CSU Stanislaus -- October 17, 2003

Peruvian Archeology Archives Established At CSU Stanislaus

An ancient slice of Peru's archeological history has come to California State University, Stanislaus.

In what could be described as an historian's dream, History Professor Nancy Taniguchi traveled a path through Sacramento and Peru that led to the donation of a priceless collection of archeological research materials to CSU Stanislaus. In May 2002 the University became home to the official archive of the California Institute for Peruvian Studies (CIPS).

The Institute attracted international attention the following July when Dr. Dwight Wallace, a CIPS affiliate, discovered an elaborate and unusual mummy bundle at Cerrillos on Peru's arid southern coast. A woman's body inside had been buried like no one else of her place and time some 13 centuries ago, covered with a colorful feathered textile bracketed by two flanking wings under a mask on the outside of the mummy bundle.

Site records generated by Wallace, a retired archeology professor at State University New York, Albany, had already come to CSU Stanislaus. Wallace's successful application for a National Geographic preservation grant led to a feature on the find in the September 2003 National Geographic. The records currently being generated by this and other spectacular finds will also eventually come to CSU Stanislaus.

“I think this archive opens up a fabulous opportunity for CSU Stanislaus,” Taniguchi said. “Students and faculty will have access to records and a link to Peruvian archaeological sites where they can study and explore.”

CIPS offers archeological field trips to the Peruvian sites annually. More information is available on the Institute's Web site at: www.cipsstudies.org.

A January 2002 meeting with CIPS founder Francis Riddell at his Sacramento home set the stage for Taniguchi to bring the Institute's archives to CSU Stanislaus. Riddell, Senior Archeologist for the State of California who conducted extensive field work in Peru after his retirement, was in failing health at the time and concerned about where the CIPS records could be housed.

Once an aspiring archeologist before becoming a history professor, Taniguchi had already planned to participate in an archeological field trip to CIPS-supervised digs on the southern coast of Peru.
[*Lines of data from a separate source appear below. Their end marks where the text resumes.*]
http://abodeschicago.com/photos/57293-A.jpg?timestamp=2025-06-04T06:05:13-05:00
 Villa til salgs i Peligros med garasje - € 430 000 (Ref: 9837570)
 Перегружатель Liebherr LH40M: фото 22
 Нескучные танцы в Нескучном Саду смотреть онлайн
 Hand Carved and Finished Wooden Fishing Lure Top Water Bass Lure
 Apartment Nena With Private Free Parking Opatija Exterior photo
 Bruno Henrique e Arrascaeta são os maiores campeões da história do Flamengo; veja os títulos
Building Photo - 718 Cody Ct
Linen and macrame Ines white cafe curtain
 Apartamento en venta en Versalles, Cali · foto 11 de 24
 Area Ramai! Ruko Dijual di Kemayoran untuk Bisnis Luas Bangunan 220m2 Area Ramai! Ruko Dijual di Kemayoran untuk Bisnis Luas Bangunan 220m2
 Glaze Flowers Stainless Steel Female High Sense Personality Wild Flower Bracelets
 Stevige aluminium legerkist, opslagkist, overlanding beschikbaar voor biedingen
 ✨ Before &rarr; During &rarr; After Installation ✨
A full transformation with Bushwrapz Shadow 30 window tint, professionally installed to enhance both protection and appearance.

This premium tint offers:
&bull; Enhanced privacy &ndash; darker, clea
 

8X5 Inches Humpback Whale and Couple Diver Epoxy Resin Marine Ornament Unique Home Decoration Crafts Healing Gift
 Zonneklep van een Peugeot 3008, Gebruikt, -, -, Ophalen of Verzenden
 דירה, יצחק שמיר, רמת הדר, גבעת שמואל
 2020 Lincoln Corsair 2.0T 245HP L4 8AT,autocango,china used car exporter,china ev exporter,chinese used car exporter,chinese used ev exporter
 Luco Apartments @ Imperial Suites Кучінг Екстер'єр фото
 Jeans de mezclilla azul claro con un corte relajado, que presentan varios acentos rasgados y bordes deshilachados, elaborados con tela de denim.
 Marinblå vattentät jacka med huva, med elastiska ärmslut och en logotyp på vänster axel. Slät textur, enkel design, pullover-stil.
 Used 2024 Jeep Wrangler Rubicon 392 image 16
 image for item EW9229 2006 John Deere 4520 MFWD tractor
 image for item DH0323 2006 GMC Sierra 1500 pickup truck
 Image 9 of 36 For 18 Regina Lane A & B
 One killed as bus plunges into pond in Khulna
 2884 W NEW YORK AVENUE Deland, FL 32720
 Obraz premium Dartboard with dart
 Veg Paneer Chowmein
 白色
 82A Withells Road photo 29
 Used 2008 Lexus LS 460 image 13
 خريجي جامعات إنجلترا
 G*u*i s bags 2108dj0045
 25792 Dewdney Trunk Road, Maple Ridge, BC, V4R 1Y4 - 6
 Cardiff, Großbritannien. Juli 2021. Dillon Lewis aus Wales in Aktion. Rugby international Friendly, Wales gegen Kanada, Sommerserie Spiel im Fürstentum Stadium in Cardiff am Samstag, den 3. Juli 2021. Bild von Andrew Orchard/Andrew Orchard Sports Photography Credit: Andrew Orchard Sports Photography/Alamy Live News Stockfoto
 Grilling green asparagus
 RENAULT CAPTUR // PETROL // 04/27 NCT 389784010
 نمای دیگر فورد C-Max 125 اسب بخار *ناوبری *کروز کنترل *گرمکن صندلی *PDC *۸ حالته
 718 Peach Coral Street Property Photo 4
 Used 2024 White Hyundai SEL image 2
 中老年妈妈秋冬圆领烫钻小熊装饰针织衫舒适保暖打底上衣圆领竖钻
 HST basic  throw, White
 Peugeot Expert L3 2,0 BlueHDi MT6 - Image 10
Riddell had started his work at the site in 1954 before making it the focus of his life's work for some 20 years.

Just before Riddell's death two months after the meeting in Sacramento, Taniguchi, with the help of now retired University Archivist Bob Santos, brought the Institute's treasure of field notes, journals, records, maps, slides, and photographs to a designated room in the University library. She serves in a private capacity as the archivist and vice president on the CIPS board of directors that includes archeologists from all over the world.

Artifacts recorded by CIPS archeological teams at several sites south of Nazca in southern Peru that include textiles, rock art, bones, and a variety of pottery, are housed in museums there.